SOURCE DATA:

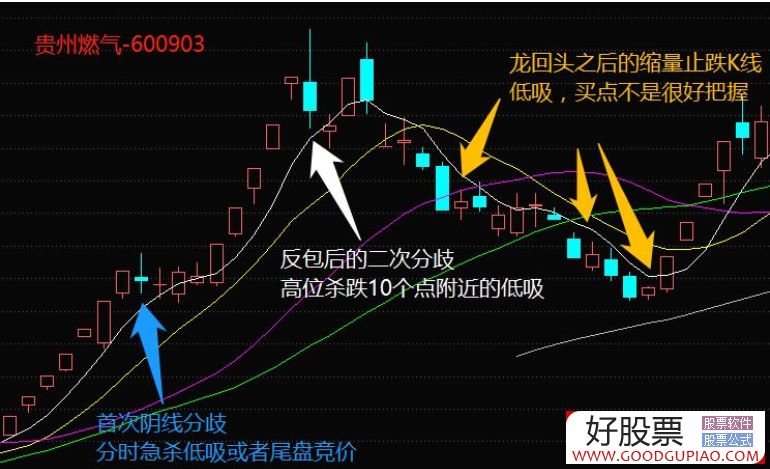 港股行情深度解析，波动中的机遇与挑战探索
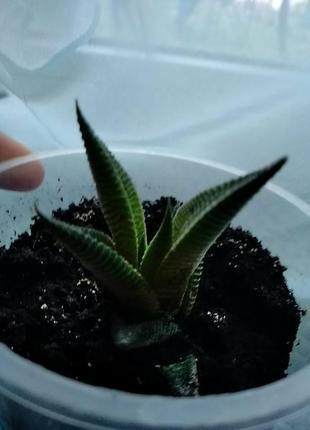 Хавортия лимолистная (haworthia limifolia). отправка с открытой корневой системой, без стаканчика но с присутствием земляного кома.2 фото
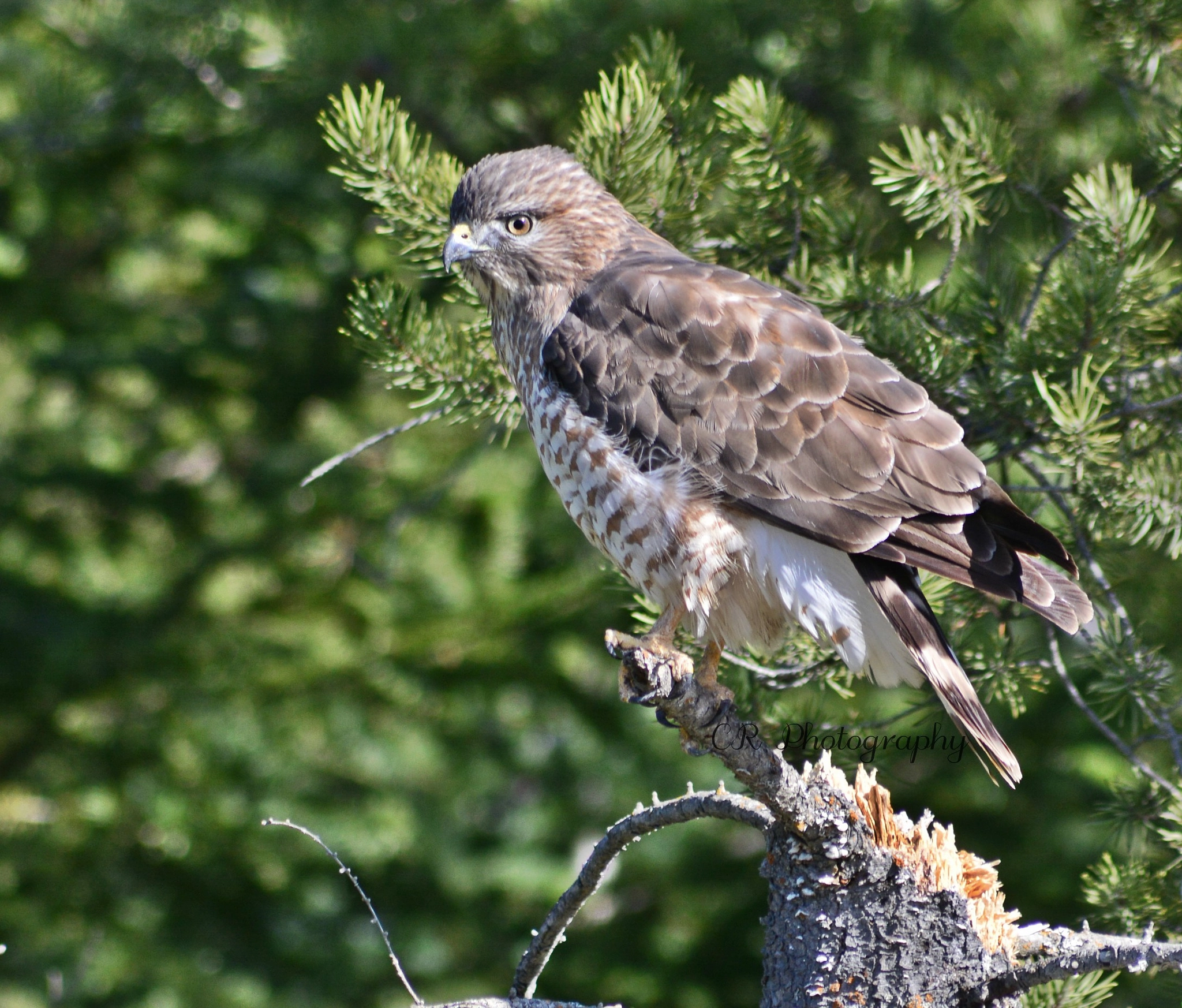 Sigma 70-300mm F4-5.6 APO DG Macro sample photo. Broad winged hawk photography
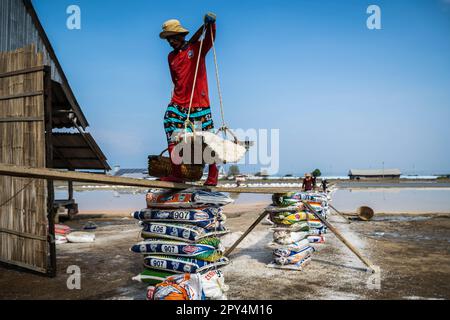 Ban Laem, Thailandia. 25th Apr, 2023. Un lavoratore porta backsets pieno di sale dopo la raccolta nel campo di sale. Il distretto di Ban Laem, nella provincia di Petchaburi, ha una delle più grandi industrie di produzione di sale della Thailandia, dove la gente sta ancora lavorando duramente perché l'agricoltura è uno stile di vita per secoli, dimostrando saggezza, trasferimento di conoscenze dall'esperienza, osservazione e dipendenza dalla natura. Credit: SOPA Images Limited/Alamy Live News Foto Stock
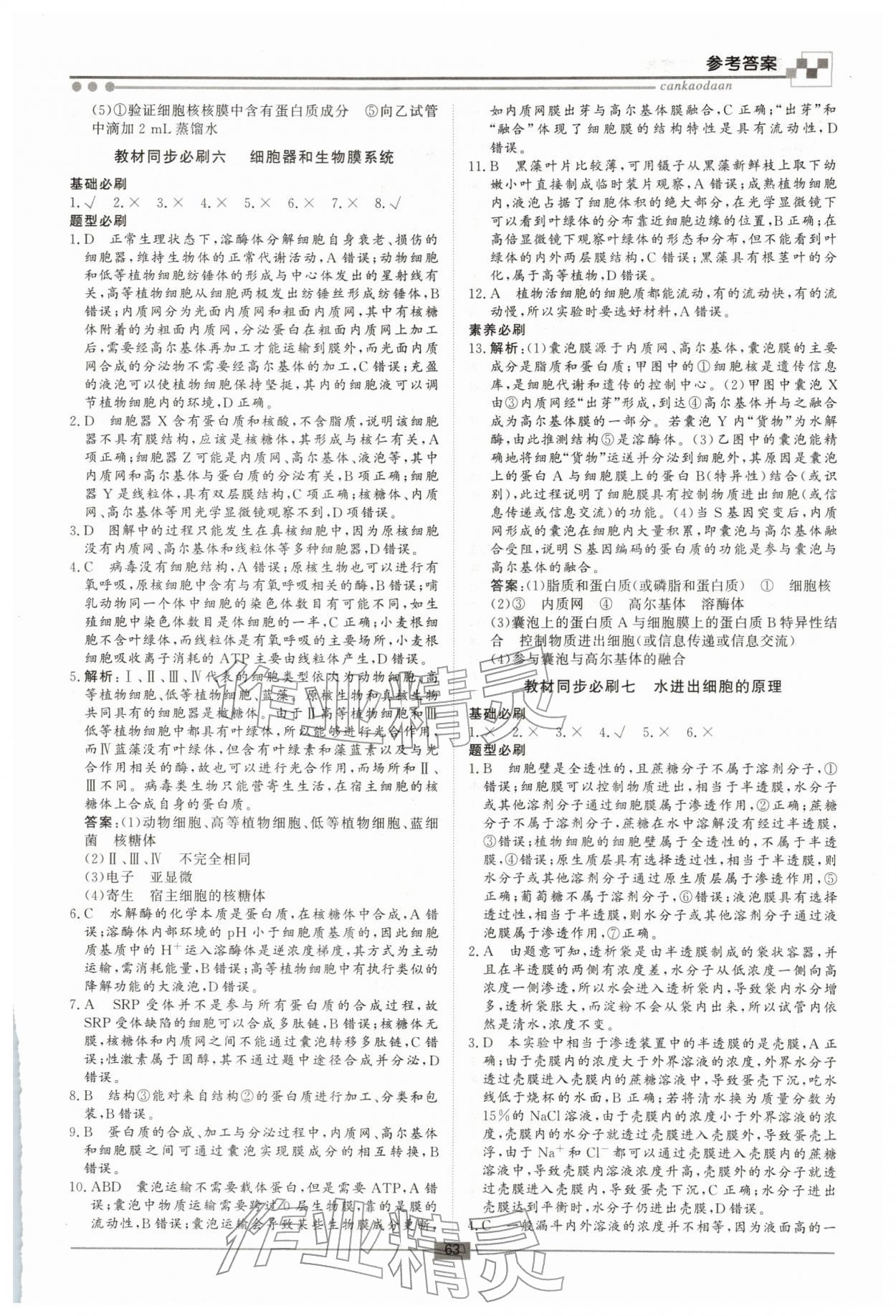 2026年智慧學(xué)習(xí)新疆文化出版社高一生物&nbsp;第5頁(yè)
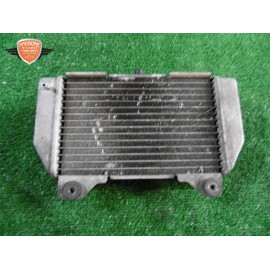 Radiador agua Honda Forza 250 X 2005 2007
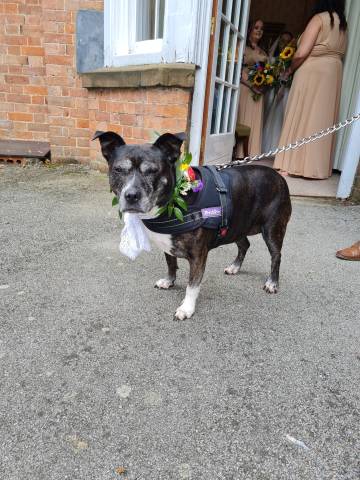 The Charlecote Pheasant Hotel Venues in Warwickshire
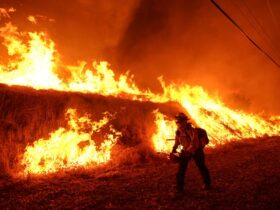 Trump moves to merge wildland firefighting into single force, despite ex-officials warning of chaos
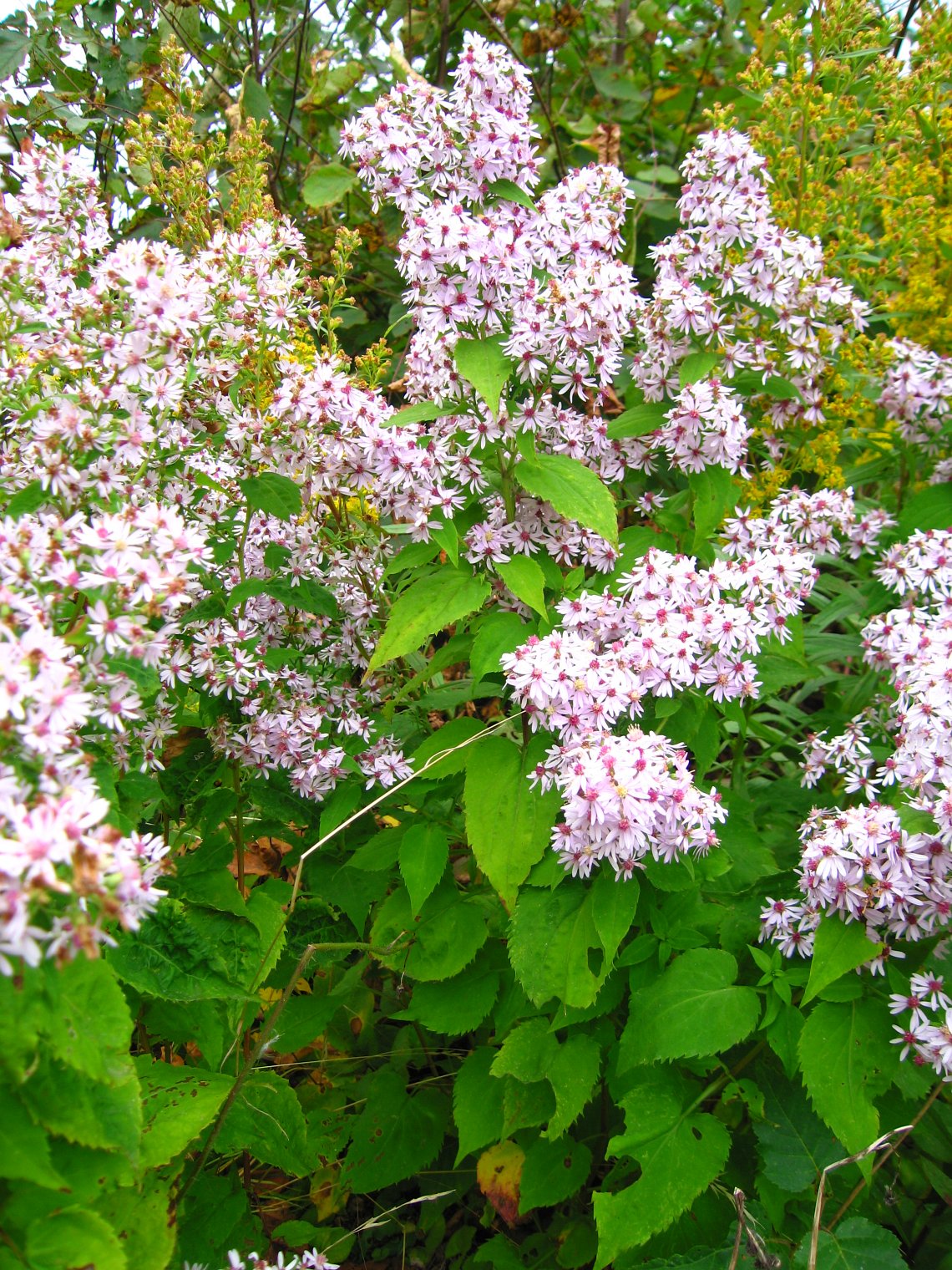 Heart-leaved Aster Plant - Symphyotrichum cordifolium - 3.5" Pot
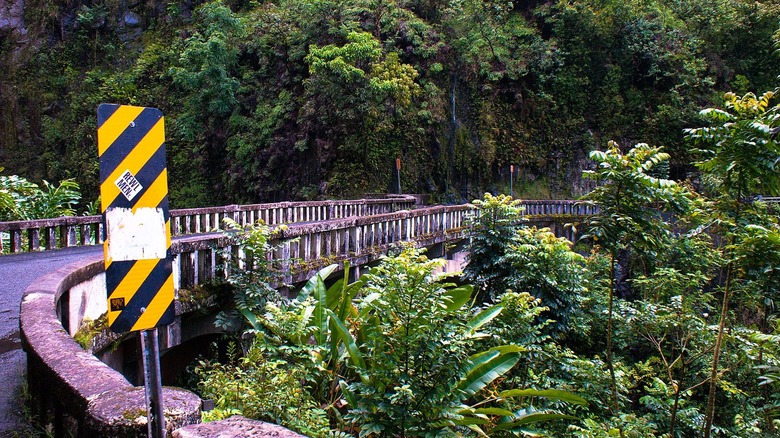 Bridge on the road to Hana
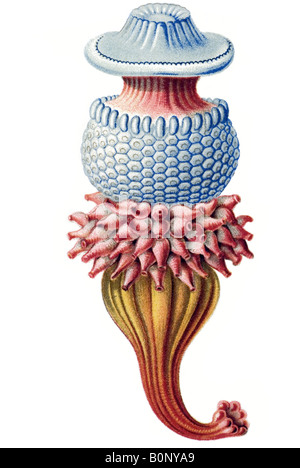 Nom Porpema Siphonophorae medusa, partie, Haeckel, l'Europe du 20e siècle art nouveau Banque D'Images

PROBLEM TO SOLVE:
Please, without any pictures, write out exactly the lines of the listing from its first line through the line that holds "Sigma 70-300mm F4-5.6", ends included, and nothing beyond them.

SOLUTION:
 港股行情深度解析，波动中的机遇与挑战探索
 Хавортия лимолистная (haworthia limifolia). отправка с открытой корневой системой, без стаканчика но с присутствием земляного кома.2 фото
 Sigma 70-300mm F4-5.6 APO DG Macro sample photo. Broad winged hawk photography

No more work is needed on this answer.